Getting Started

We’ll start with a quick, non-comprehensive overview of the fundamental concepts to get you started.

Contextualizing the example

This example makes use of a fictitious sample metric for 2 imaginary cities: CITY_A and CITY_B. All the data was randomly generated and does not make any allusions to reality. This Getting Started was created using ipython notebook, a great tool for prototyping, and it is available within the project at ipy-notebooks/getting_started.ipynb. This same scenario is implemented in an acceptance test at bigtempo/tests/acceptance_tests.py.

IMPORTANT: The engine instance

In this example, everything will be keept in a single module, but for larger projects you want to create a dedicated module for the engine instance. Since this instance is used as the entry-point for everything you want to do with bigtempo, like creating datasources, using selections and evaluating data, it must be possible for other modules to import it.


In [1]:
# Importing bigtempo and creating an engine instance (this may be done in a dedicated module)
import bigtempo.core as core
engine = core.DatasourceEngine()

Datasources

A datasource can be both used directly by you or as input for other datasources. It can be defined as explained bellow:


In [2]:
'''
The `datasource` decorator registers a class a new datasource

Args:
    reference: A string reference for this datasource
    dependencies: A list of references for the datasources it needs during evaluation time (OPTIONAL)
    tags: A list of tags for this datasource (OPTIONAL)
    lookback: The number of periods before the start date that is needed by the evaluation (OPTIONAL)
    frequency: Represents the frequency period (OPTIONAL)

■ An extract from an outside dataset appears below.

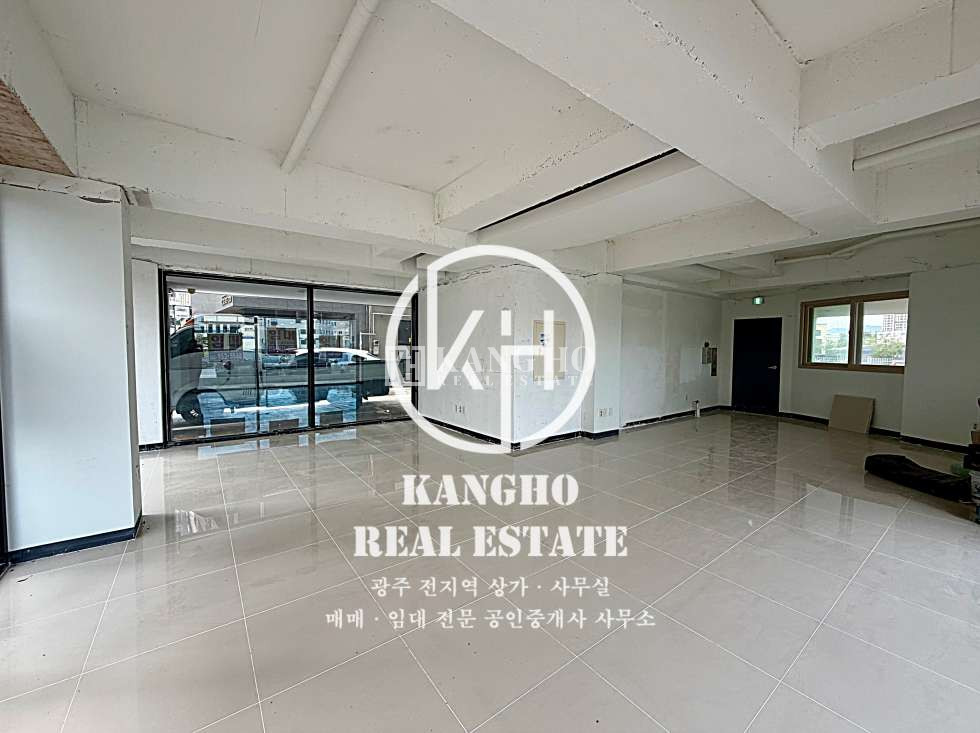 전남광주 광산구 하남동 KangHo l 내부사진有, 현공실, 공영주차장 바로옆, 천장・바딕완비, 모든업종가능 월세 매물번호 76387 사진 3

         ------------------------------------
         | Possible Frequencies             |
         ------------------------------------
         | B     | business day             |
         | W     | weekly frequency         |
         | M     | month end                |
         | BM    | business month end       |
         | MS    | month start              |
         | BMS   | business month start     |
         | Q     | quarter end              |
         | BQ    | business quarter end     |
         | QS    | quarter start            |
         | BQS   | business quarter start   |
         | A     | year end                 |
         | BA    | business year end        |
         | AS    | year start               |
         | BAS   | business year start      |
         | H     | hourly frequency         |
         | T     | minutely                 |
         | S     | secondly                 |
         | L     | milliseonds              |
         | U     | microseconds             |
         ------------------------------------
'''
@engine.datasource(reference, dependencies=[], tags=[], lookback=0, frequency='B')
class Sample(object):

    def evaluate(self, context, symbol, start=None, end=None):
        '''
        The `evaluate` should be able to process data (from other datasources or not) 
        for a given symbol (data category) in a certain period.
        
        Args:
            context: object that holds data requested as dependencies
            symbol: istinguishes the "variation" of the data requested: In the stock market context, it would be used to specify with stock paper that should be processed, and in this example it represents the name of one city ('CITY_A' or 'CITY_B').
            start and end: optional datetime objects that are used to specify the desired time range.
            
            It's important to notice that the data returned by the datasource is automaticaly sliced with __start__ and __end__. They are present in the method's signature only so that you can spare some processing time.
        Returns:
            pandas.DataFrame object
        '''
        return ###

So, being pratical,


In [3]:
# General imports
import sys
import pandas
import datetime

In [4]:
# Used many times. Used here only for the sake of legibility
dt = datetime.datetime

# Cities being analysed
cities = ['CITY_A', 'CITY_B']

In [5]:
@engine.datasource('SAMPLE', tags=['SAMPLE_IN', 'DAILY'])
class Sample(object):
    '''
    Simple sample, returns datasource based on csv file.
    '''

    def evaluate(self, context, symbol, start=None, end=None):
        return pandas.DataFrame.from_csv('SAMPLE{%s}.csv' % symbol)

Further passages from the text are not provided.